**Supplied material:**
※
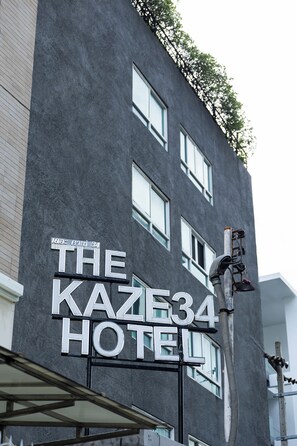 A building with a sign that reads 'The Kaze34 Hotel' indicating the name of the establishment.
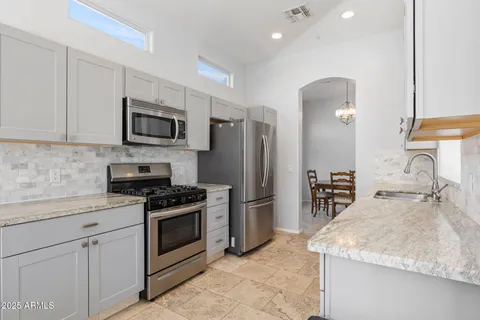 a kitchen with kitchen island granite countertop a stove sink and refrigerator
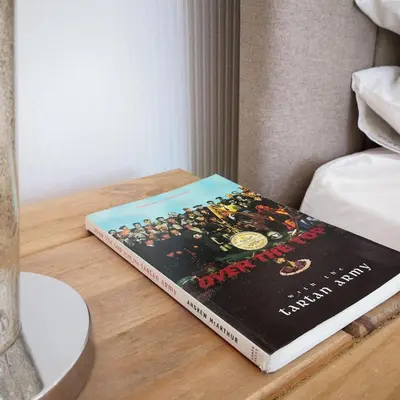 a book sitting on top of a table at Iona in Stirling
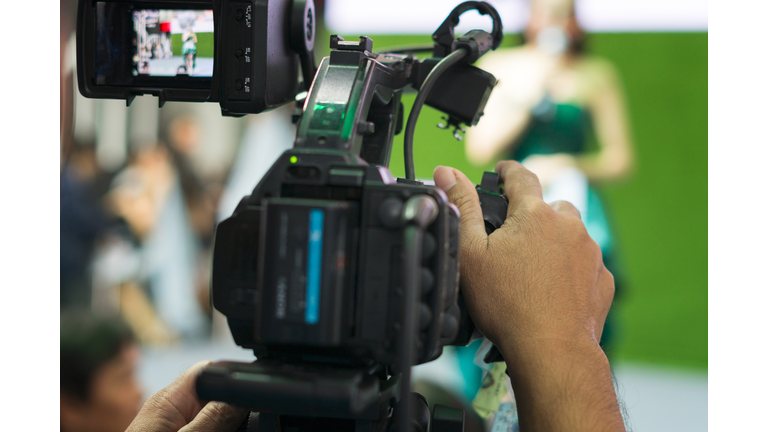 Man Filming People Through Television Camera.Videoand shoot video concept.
※
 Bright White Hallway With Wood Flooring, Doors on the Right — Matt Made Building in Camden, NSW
※
**What the task requires:** Return only the stretch above from the line containing "a book sitting" through the line containing "Man Filming People", word for word and without pictures.

**Response to the task:**
 a book sitting on top of a table at Iona in Stirling
 Man Filming People Through Television Camera.Videoand shoot video concept.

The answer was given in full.